From Publishers Weekly:
In his long-anticipated but disappointing second volume of short stories, one of the gurus of contemporary "guy" fiction ( Airships ; Boomerang ) focuses on the red-blooded American subjects with which he has made his reputation--sex, booze, drugs and guns. The visceral description for which Hannah has rightly been praised in the past degenerates here into bad-taste verbosity and sophomoric prurience. "High-Water Railers" concerns fishing and old men, one named Sidney Farte, as they share sexual secrets and confessions of missed opportunity. "Scandale d'Estime" begins with great promise in Kosciusko, Miss. (Hannah's home state), as old reprobate Harold befriends teenage George and takes him to a production of Waiting for Godot ; the story line (which also includes the young man's infatuation with an older woman) disintegrates into short takes on paregoric addiction, attempted suicide, the Klan, and bondage equipment. The best story, "The Spy of Loog Root," pairs the telescope-toting scion of a white-trash clan with the owner of a tobacco and magazine shop in Montana, and shows what Hannah is capable of in terms of characterization and emotional insight. For the most part, though, he seems to have invested more time in pompous, overwritten story titles--"Upstairs, Mona Bayed for Dong," "Hey, Have You got a Cig, the Time, the News, My Face?"--than in polishing the pieces themselves (some of which consist of only a few paragraphs). Half of these 23 stories have been published in magazines; a few aren't ready to be published anywhere. Too much of this volume reads like the output of a writing group that meets in a bar; as the saying goes, "You had to be there." Author tour.

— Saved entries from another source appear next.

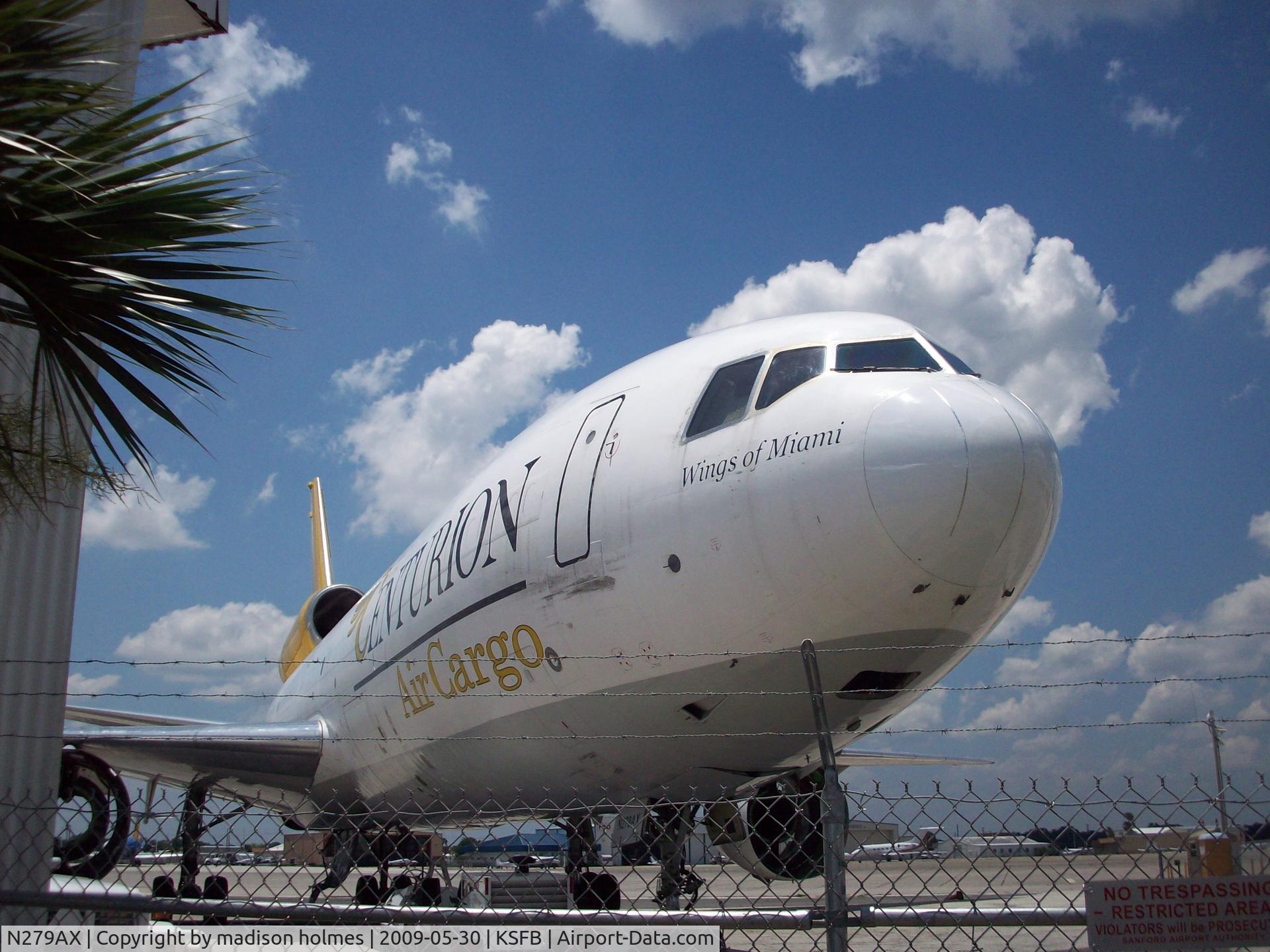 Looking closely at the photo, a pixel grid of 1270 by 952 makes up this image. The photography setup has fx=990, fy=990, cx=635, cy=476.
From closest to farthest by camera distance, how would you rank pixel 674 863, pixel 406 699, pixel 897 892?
pixel 897 892 → pixel 674 863 → pixel 406 699

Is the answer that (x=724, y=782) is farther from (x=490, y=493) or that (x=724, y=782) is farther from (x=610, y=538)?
(x=490, y=493)

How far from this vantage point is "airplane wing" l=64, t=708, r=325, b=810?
420 inches

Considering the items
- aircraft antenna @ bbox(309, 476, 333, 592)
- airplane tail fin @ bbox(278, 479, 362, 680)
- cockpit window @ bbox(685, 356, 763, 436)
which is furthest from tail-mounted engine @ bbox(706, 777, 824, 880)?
aircraft antenna @ bbox(309, 476, 333, 592)

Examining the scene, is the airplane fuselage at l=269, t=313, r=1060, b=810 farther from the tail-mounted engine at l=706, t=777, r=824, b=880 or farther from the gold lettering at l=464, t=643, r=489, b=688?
the tail-mounted engine at l=706, t=777, r=824, b=880

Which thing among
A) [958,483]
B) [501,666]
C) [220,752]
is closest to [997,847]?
[958,483]

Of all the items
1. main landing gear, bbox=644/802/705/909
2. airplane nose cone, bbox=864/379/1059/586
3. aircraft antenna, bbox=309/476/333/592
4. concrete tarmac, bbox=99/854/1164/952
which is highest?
aircraft antenna, bbox=309/476/333/592

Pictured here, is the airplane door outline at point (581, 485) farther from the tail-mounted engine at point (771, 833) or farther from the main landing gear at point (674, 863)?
the tail-mounted engine at point (771, 833)

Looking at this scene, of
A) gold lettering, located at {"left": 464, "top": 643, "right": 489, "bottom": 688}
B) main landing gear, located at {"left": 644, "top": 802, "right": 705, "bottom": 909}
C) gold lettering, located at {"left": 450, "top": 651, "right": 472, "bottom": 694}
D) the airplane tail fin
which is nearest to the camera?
main landing gear, located at {"left": 644, "top": 802, "right": 705, "bottom": 909}

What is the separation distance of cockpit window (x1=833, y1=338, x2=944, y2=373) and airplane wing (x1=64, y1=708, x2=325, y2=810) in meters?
7.47

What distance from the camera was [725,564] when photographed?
565 cm

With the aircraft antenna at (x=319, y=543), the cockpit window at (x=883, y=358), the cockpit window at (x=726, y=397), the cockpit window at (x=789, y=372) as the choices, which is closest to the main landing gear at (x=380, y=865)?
the cockpit window at (x=726, y=397)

Copyright 1992 Reed Business Information, Inc.
From Library Journal:
Hannah's approach to writing is wonderfully summed up by a character named Harold in the story "Scandale d'Estime." "Scandal is delicious, little man. All we are is obsession and pain. That is all humans are. And when these things go public and are met with howls, they ring out the only honest history we have. They are unbearable! Magnificent! Wicked!" Indeed, there is a fierceness to these 23 pieces (to call them all stories is something of a misnomer) that generates both power and perturbation. In his drive to get to the essence of things, Hannah takes no prisoners. Some readers will find his work misogynistic and offensive in its violence, yet beneath its often tormented surface lies a desperate, almost tender search for truth. Coming out of the Southern tradition, Hannah writes with fervor and, in spite of the violence, considerable humor. He is willing to take chances, to go to the edge, to challenge the reader in untypical ways. Not a "mainstream" work, this book nonetheless belongs in most library collections. Previewed in Prepub Alert, LJ 10/15/92.
- David W. Henderson, Eckerd Coll. Lib., St. Petersburg, Fla.